• [ACTIVITY]
Leave the pictures out. Return all other data exactly.

• [DATA EXTRACT]

# # # # #

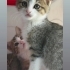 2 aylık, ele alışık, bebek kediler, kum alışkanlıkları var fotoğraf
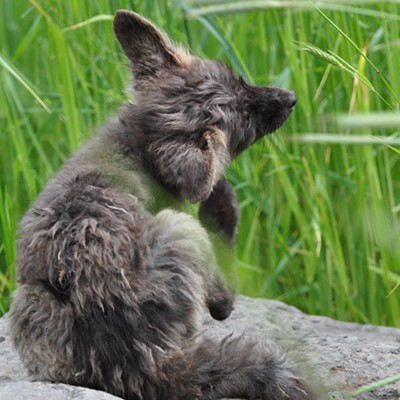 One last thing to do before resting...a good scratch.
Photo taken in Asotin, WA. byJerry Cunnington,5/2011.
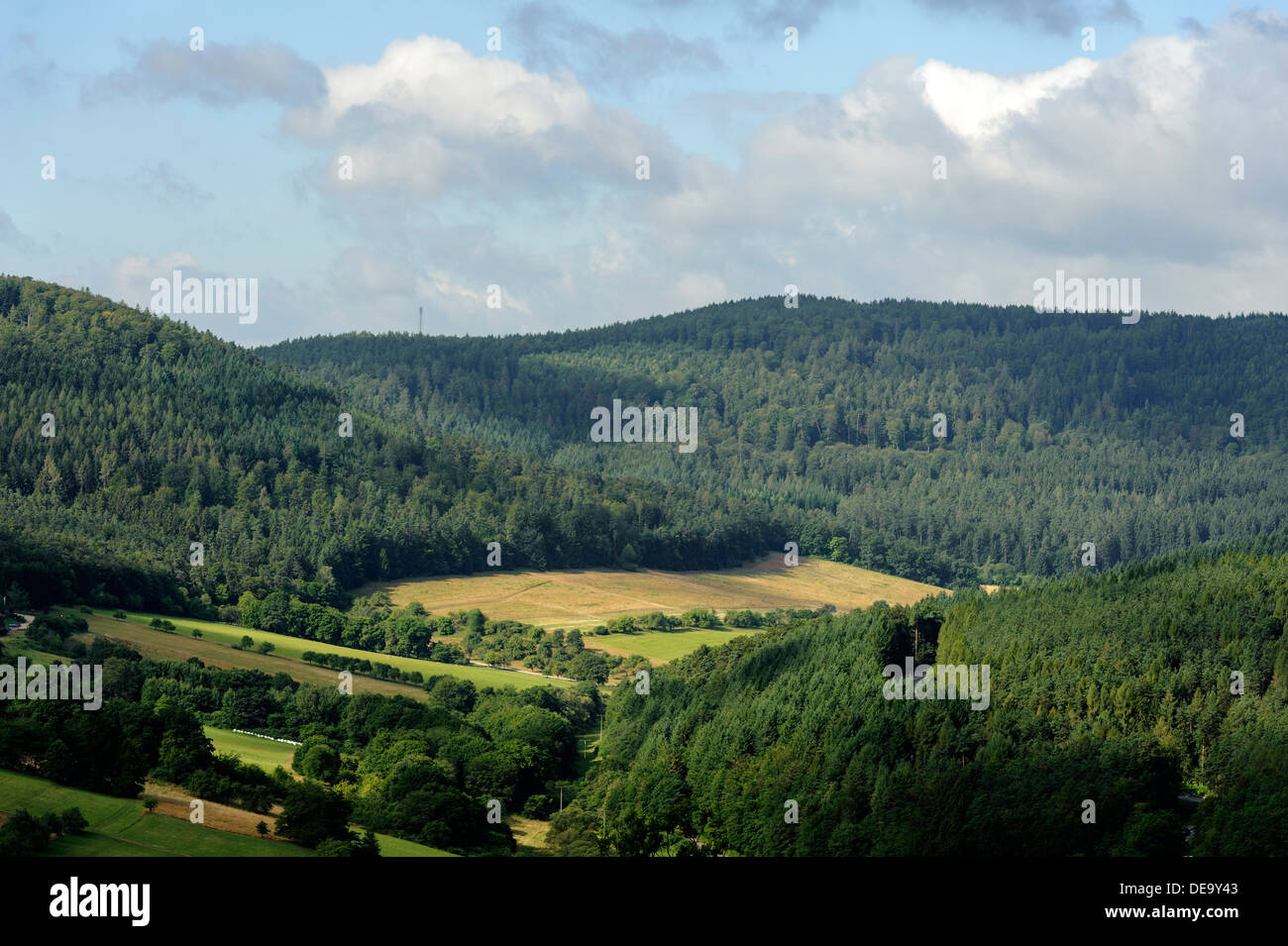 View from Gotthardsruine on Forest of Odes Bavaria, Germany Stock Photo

# # # # #

• [RESPONSE TO THE EXERCISE]
 2 aylık, ele alışık, bebek kediler, kum alışkanlıkları var fotoğraf
 One last thing to do before resting...a good scratch.
Photo taken in Asotin, WA. byJerry Cunnington,5/2011.
 View from Gotthardsruine on Forest of Odes Bavaria, Germany Stock Photo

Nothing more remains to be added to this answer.